Witness the contradiction in lawmakers’ critiques of the Facebook-founded Libra digital currency project. On the one hand, they demanded it protect users’ privacy but on the other they demanded it maintain all the monitoring necessary to prevent money laundering. Or look at how Facebook’s critics simultaneously demand its social media platform remove disturbing hate-speech content and that it also cease arbitrarily censoring and “de-platforming” users. Without understanding the problem, people can’t see how holding both of these positions is untenable.
There are two approaches to this issue: a political one, such as an antitrust order to constrain the internet giants, or a technological one, in which social media platforms move to a decentralized structure of user control (one potentially where zero-knowledge proofs or other advanced forms of encryption enable verification without revealing identities).
Let’s discuss these options, Davos.
You thought fake news was a problem. You ain’t seen nothing yet.
As Arif Khan writes in this pre-Davos opener for CoinDesk, fake news is going on steroids.
With people such as Jordan Peele using clever stunts to highlight the problem, “deepfakes” – in which image manipulation technology is making it increasingly difficult for people to detect reality-altering changes to a digital video or image – are starting to get people’s attention.
Yet, the full extent of how much society depends on the glue of trustworthy information is greatly underappreciated.

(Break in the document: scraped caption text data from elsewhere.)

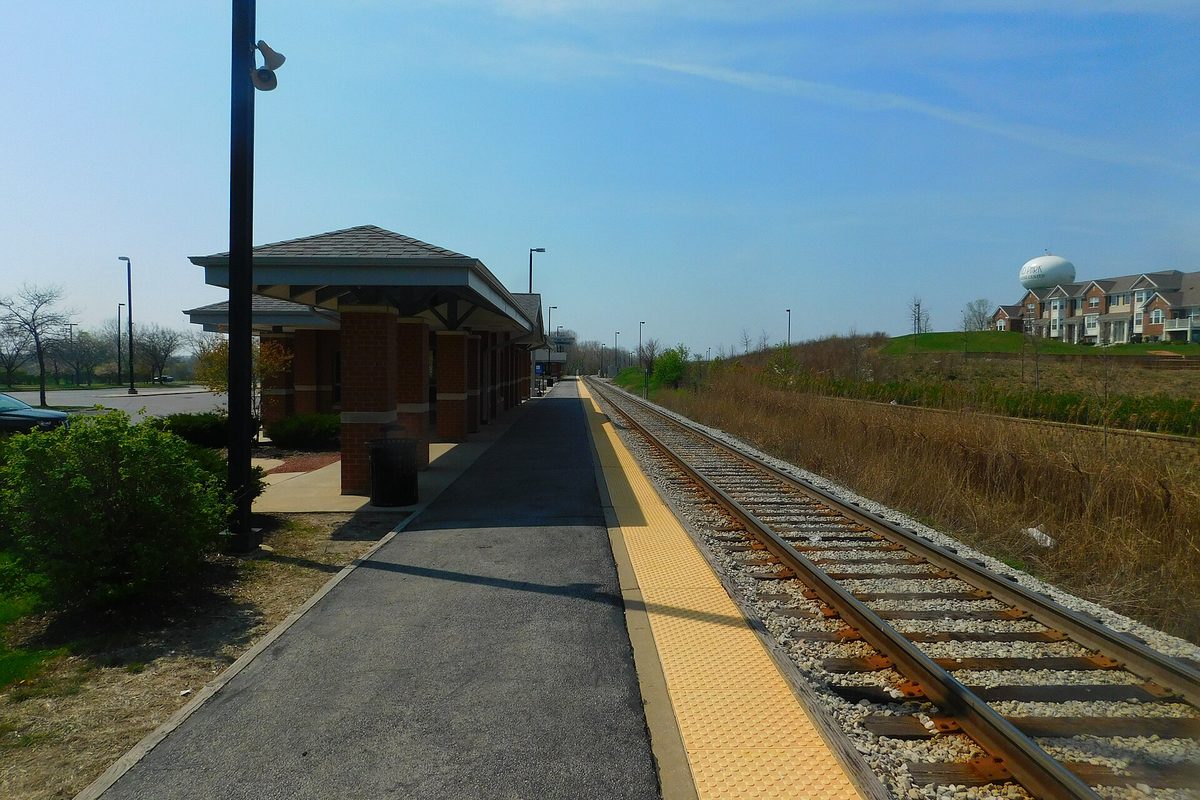 The empty platform and tracks at Orland Park's 153rd Street Metra station on a clear day, with a brick shelter and a water tower in the distance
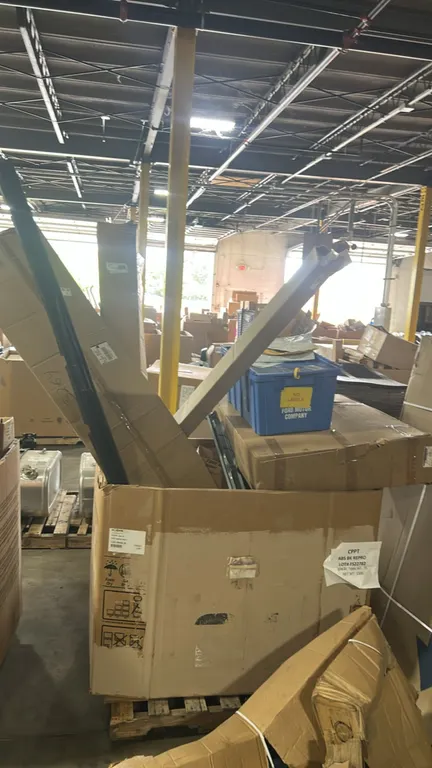 Ford assorted automotive parts lot in Gaylord container. Includes bumper face bar mount (P/N: 8C3Z-17B984-A), Motorcraft A/C condenser assembly (P/N:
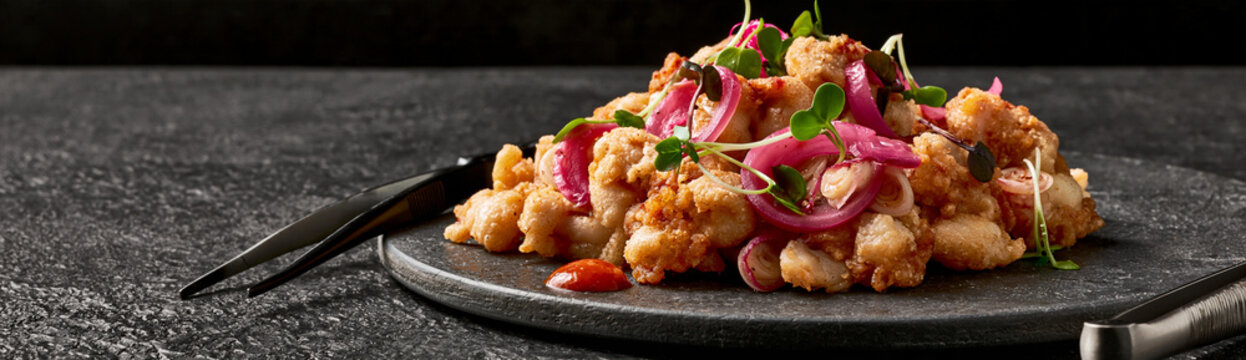 Gourmet fried chitterlings plated with pickled red onions and microgreens on a dark slate plate, served with chili sauce and chopsticks, restaurant food presentation, appetizer or main course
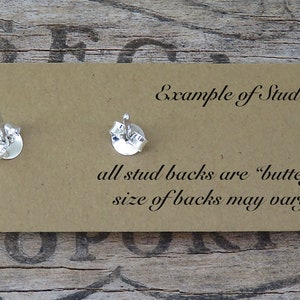 May include: A close-up of two silver earring backs on a tan card. The card has text that reads "Example of Stud Backs" and "all stud backs are 'butterfly backs' size of backs may vary by style."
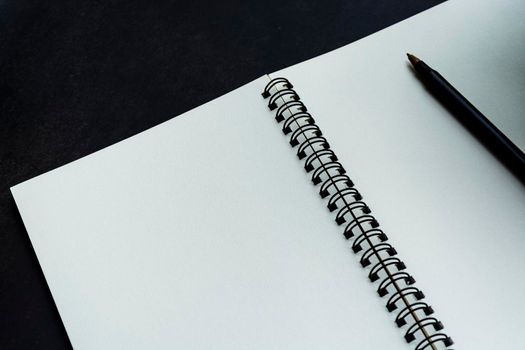 White notebook with dark background. Space for text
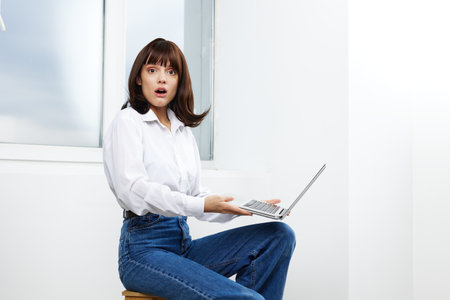 A surprised woman sits on a wooden stool by a bright window, using a laptop in casual attire. The...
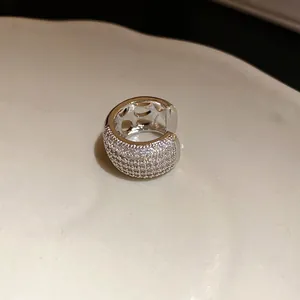 Macro view of a sparkling zircon ear cuff with hollow star pattern details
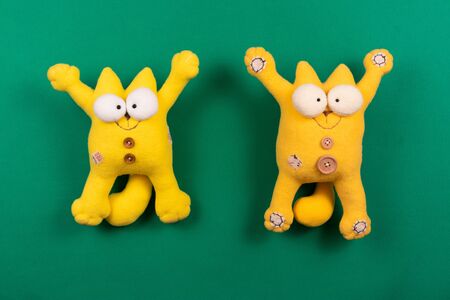 Two funny friendly smiling yellow cats with open paws against green background, designer soft toys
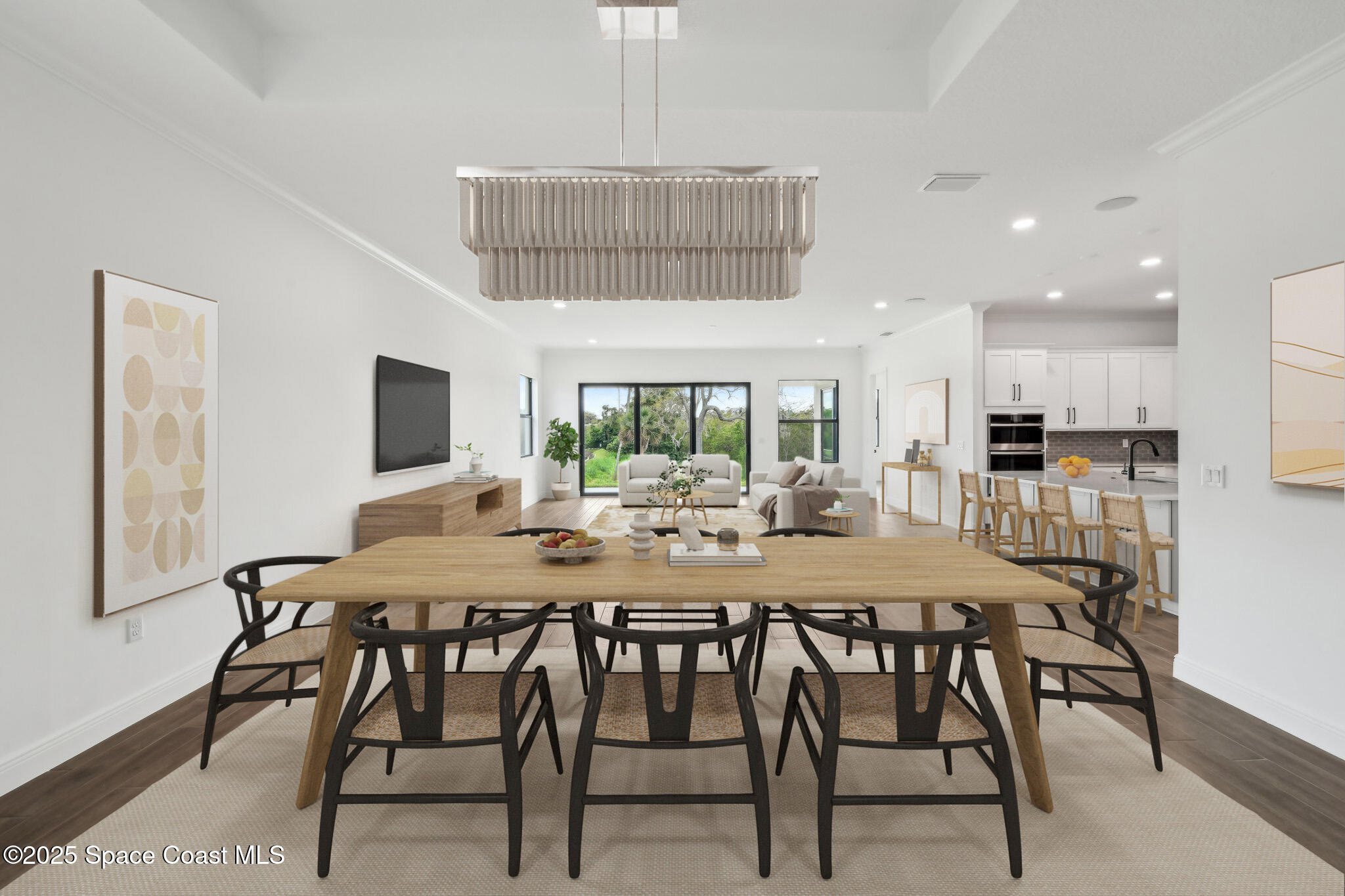 1405 Windchime Lane Melbourne, FL 32935 - Photo 10 of 48 a view of a dining room with furniture and wooden floor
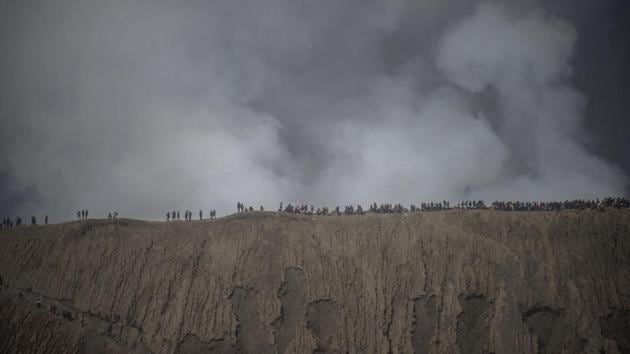 After settling, the Princess Roro Anteng and her husband Joko Seger  were unable to have children. They prayed to the mountain gods, who blessed them with 24 children, but demanded the 25th child be thrown into the volcano as a sacrifice. They complied and so began the annual sacrificial tradition. (JUNI KRISWANTO / AFP) 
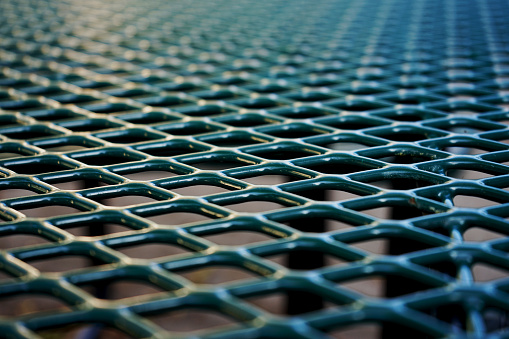 A green metal picnic table in closeup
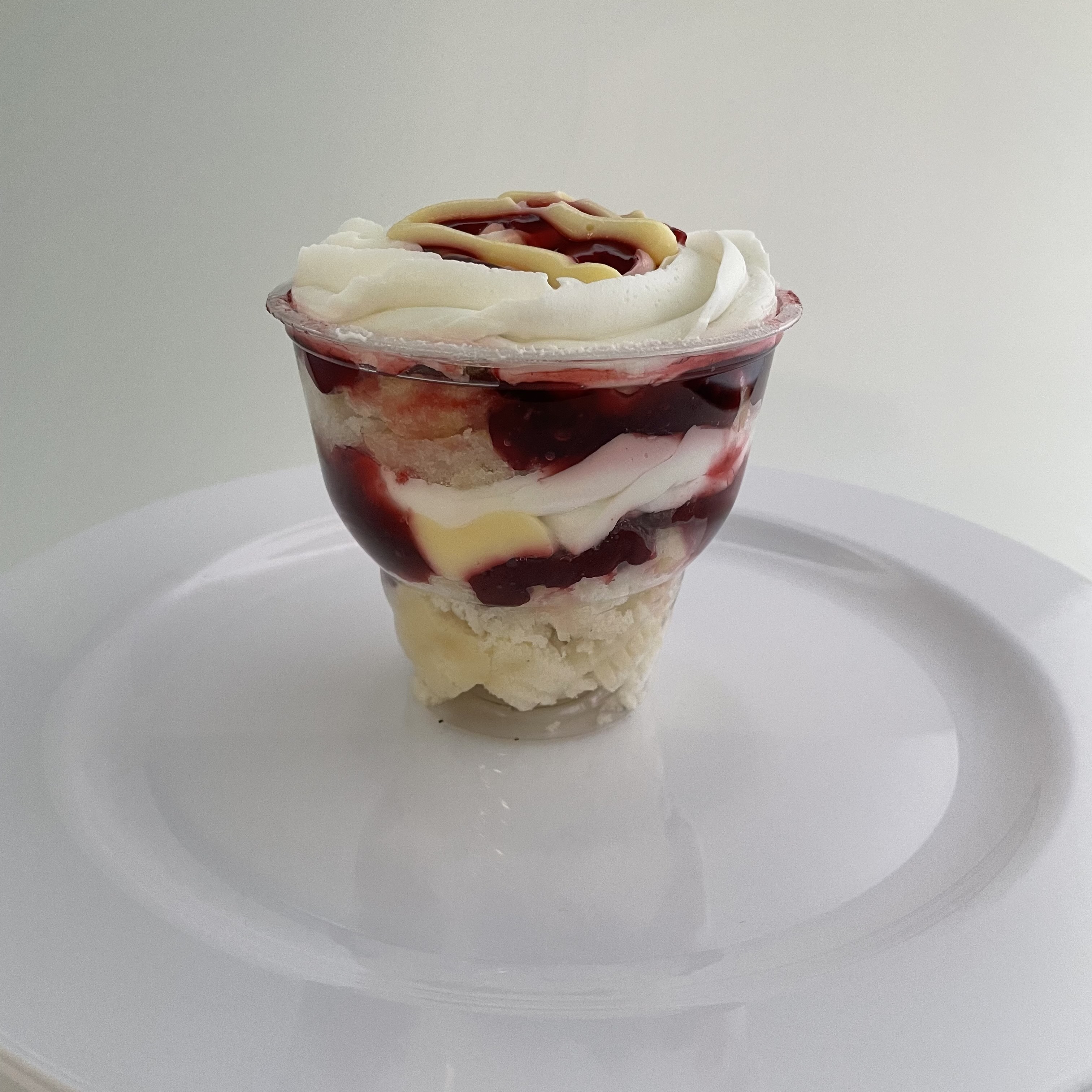Order Strawberry Cheesecake Parfait food online from The House of Cupcakes store, Princeton on bringmethat.com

The foundation of our democracy, of our legal system, of our business relationships and of everything else in between is at stake when the truth cannot be verified.
How do we get ahead of this when artificial intelligence is progressing so rapidly and when information is no longer delivered to us through central filters?
A solution will require a combination of tools like AI detection software, watermarking and blockchain-based tracking of digital media provenance.
It also requires stakeholders at technology companies, media organizations and government bodies to jointly establish standards for those technologies so we can all agree on how we’ll re-establish the integrity of the information we rely on.
This is an urgent problem, one tailor-made for a mountain-town gathering of money and power.
Let’s look outside the bubble. Let’s become inquisitive. Let’s abandon rigid, outdated ways of thinking. Let’s say goodbye to know-it-all Davos Man, because clearly he doesn’t.